What is expected — Keep the images out while you set down the data exactly.

Information shown —

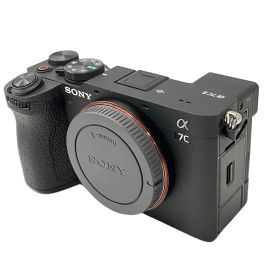 SONY ILCE-7CM2 α7C II ソニー デジタル ミラーレス 一眼カメラ ボディ中古 美品 H10714356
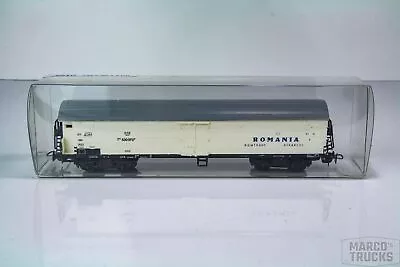 Embalaje transparente caja plegable para maquetas de vagones de ferrocarril escala H0 - 210x60x40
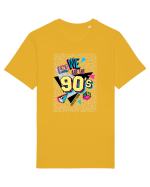 We Are The 90's Tricou mânecă scurtă Unisex Rocker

Reply —
 SONY ILCE-7CM2 α7C II ソニー デジタル ミラーレス 一眼カメラ ボディ中古 美品 H10714356
 Embalaje transparente caja plegable para maquetas de vagones de ferrocarril escala H0 - 210x60x40
 We Are The 90's Tricou mânecă scurtă Unisex Rocker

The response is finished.